** WORK REQUEST **
The listing below holds a line with "Cat Artwork Colorful Stickdatei" and a line with "Pantallazo de Soldier of Light para MSX". Reproduce those two lines exactly, plus everything between them.

** EXERCISE DATA **
= = = = =

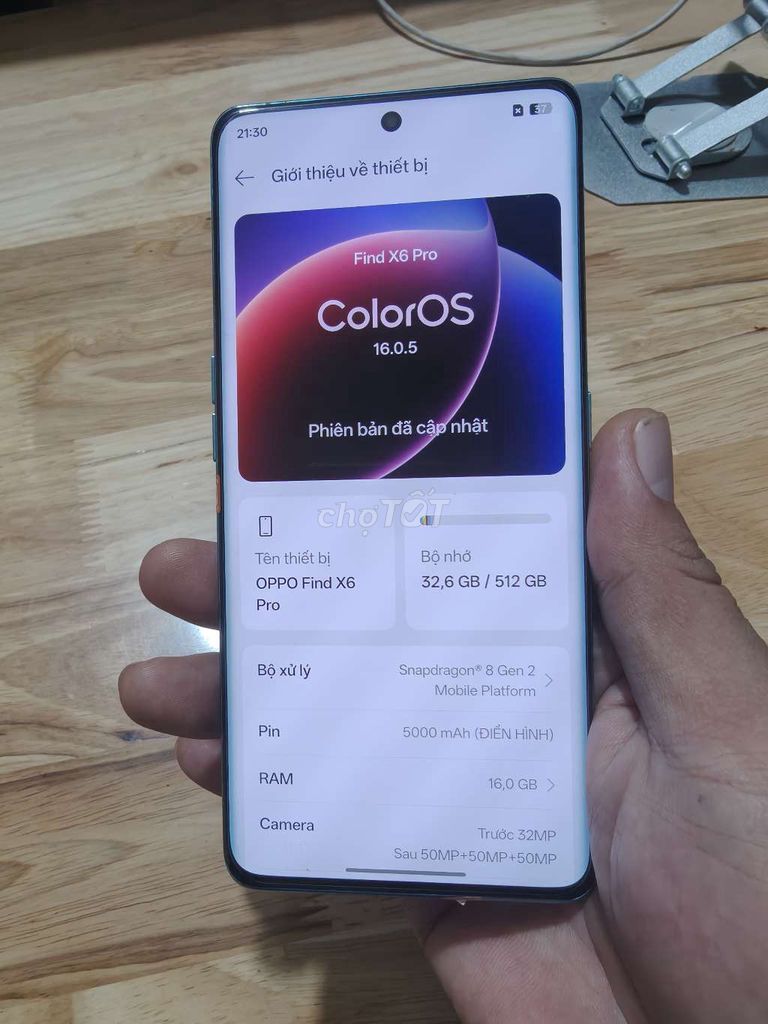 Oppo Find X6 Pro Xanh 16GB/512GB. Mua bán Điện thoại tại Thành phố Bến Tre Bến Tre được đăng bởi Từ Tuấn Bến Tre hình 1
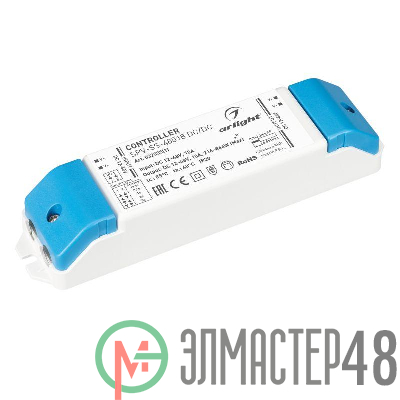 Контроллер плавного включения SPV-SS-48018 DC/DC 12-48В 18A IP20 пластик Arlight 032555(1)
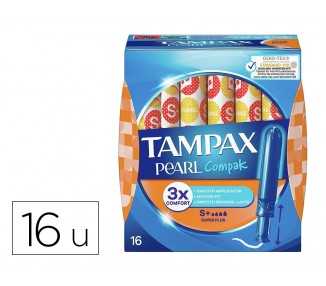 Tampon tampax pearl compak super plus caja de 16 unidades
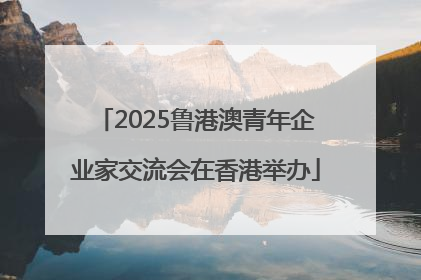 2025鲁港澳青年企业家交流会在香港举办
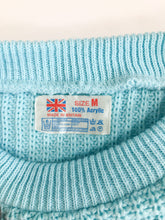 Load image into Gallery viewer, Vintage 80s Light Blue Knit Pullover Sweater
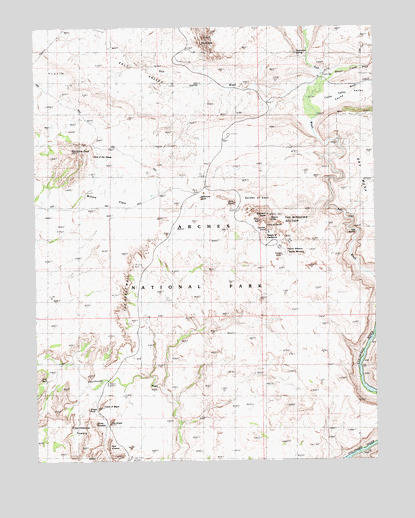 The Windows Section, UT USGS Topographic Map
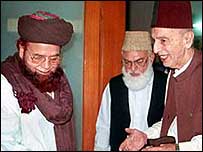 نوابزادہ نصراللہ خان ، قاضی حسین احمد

= = = = =

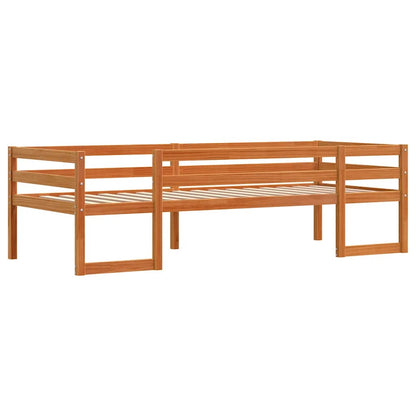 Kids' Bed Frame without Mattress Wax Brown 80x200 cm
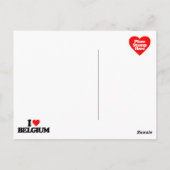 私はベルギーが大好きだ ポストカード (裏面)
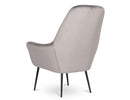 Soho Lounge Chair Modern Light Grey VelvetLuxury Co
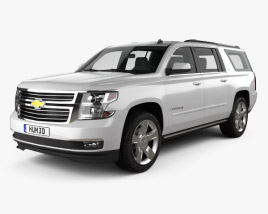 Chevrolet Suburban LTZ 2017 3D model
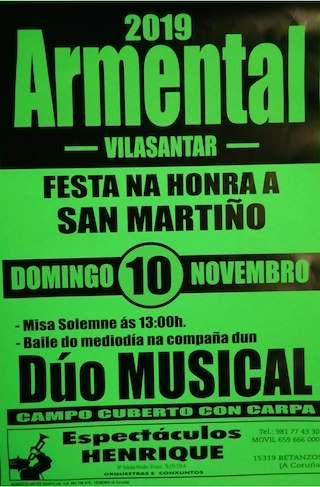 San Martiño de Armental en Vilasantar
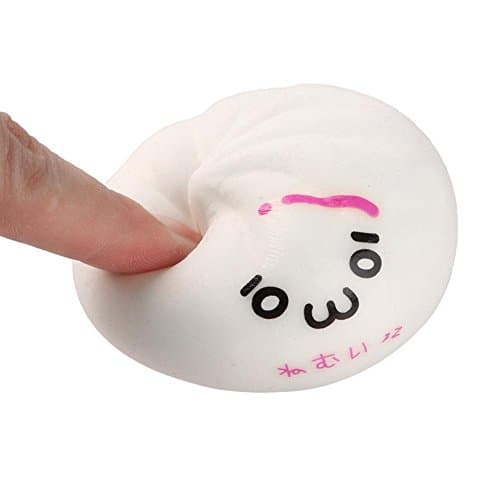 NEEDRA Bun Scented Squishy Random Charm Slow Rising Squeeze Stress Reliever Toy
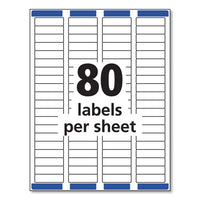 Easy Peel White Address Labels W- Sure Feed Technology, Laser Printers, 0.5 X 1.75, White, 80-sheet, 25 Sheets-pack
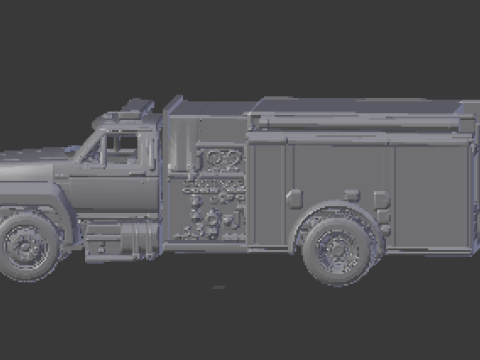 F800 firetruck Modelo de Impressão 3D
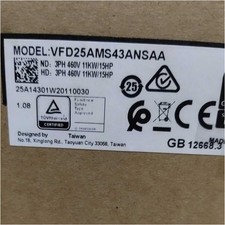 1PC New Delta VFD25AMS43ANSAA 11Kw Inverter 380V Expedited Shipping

= = = = =

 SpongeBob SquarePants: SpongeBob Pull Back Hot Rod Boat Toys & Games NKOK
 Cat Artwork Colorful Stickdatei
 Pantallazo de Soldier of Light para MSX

= = = = =

** SOLUTION FOR THIS EXERCISE **
 Cat Artwork Colorful Stickdatei
 Pantallazo de Soldier of Light para MSX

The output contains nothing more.